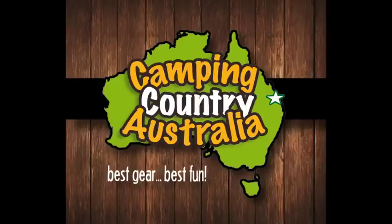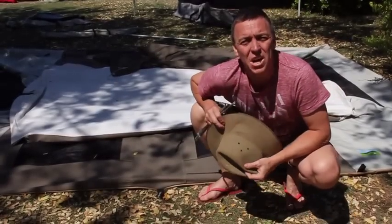Camping country, make the outdoors yours. G'day everybody, it's Jared the Camping Guru here.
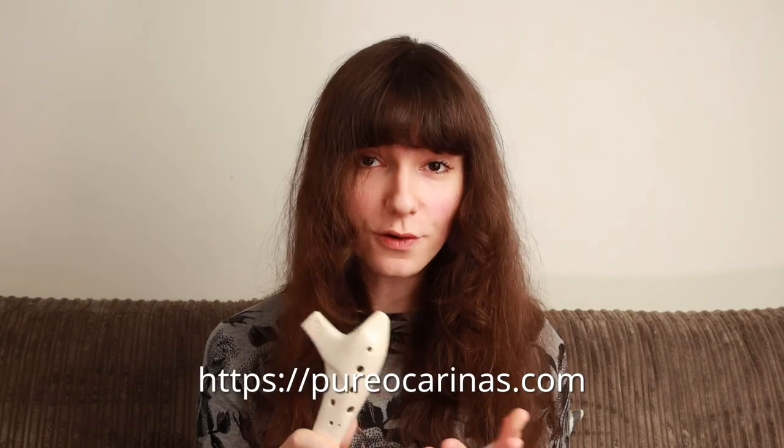And that about covers it. If you'd like any further reading on this topic or plenty of other technical reads relating to the ocarina, check out pureocarinas.com. We also sell really comfortable and ergonomic ocarinas that are really easy to perform these techniques on, because the ocarina doesn't have a standardised shape. So if you've been trying to play some of the techniques I described on something like this, you might want to consider investing in something that actually puts ergonomics and sound quality at the forefront of their design. Links are in the description, and thank you for watching. I'll see you next time.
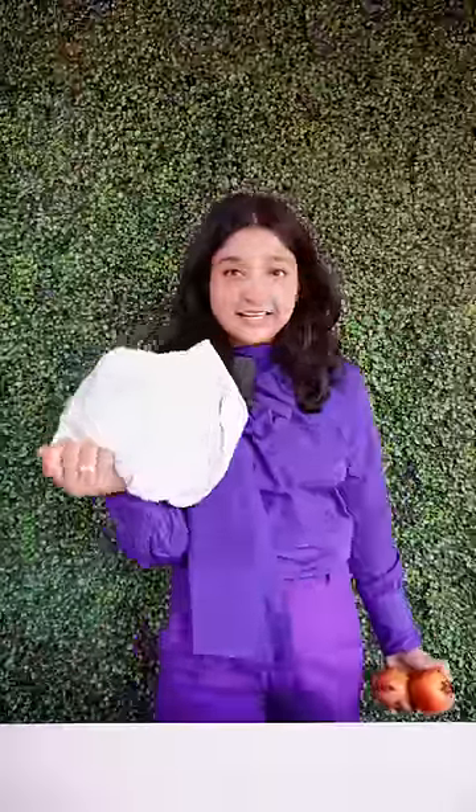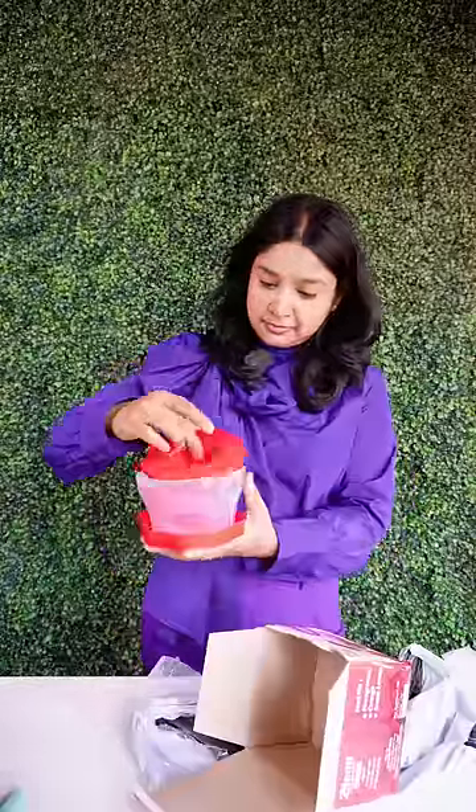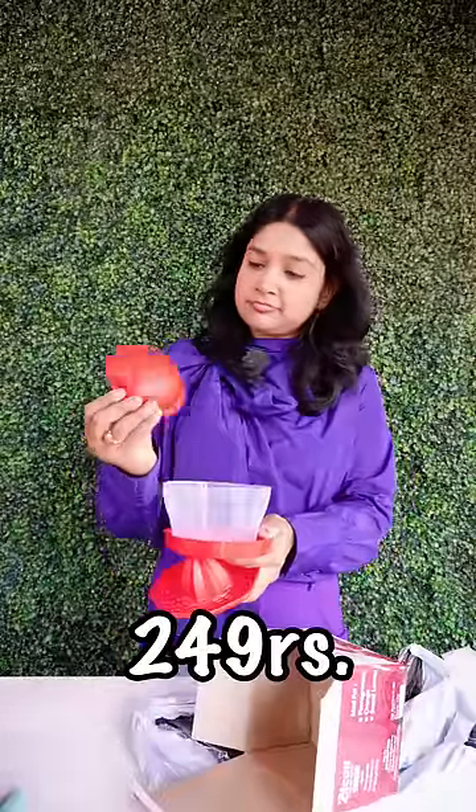Today I can get a nice taste of annaar (pomegranate). Let's try it. This is a pomegranate peeler. I've bought it for about 30 rupees. Let's try it.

Your task: For this exercise, retype the listing above word for word and omit the pictures.

Your response:
Camping country, make the outdoors yours. G'day everybody, it's Jared the Camping Guru here.
And that about covers it. If you'd like any further reading on this topic or plenty of other technical reads relating to the ocarina, check out pureocarinas.com. We also sell really comfortable and ergonomic ocarinas that are really easy to perform these techniques on, because the ocarina doesn't have a standardised shape. So if you've been trying to play some of the techniques I described on something like this, you might want to consider investing in something that actually puts ergonomics and sound quality at the forefront of their design. Links are in the description, and thank you for watching. I'll see you next time.
Today I can get a nice taste of annaar (pomegranate). Let's try it. This is a pomegranate peeler. I've bought it for about 30 rupees. Let's try it.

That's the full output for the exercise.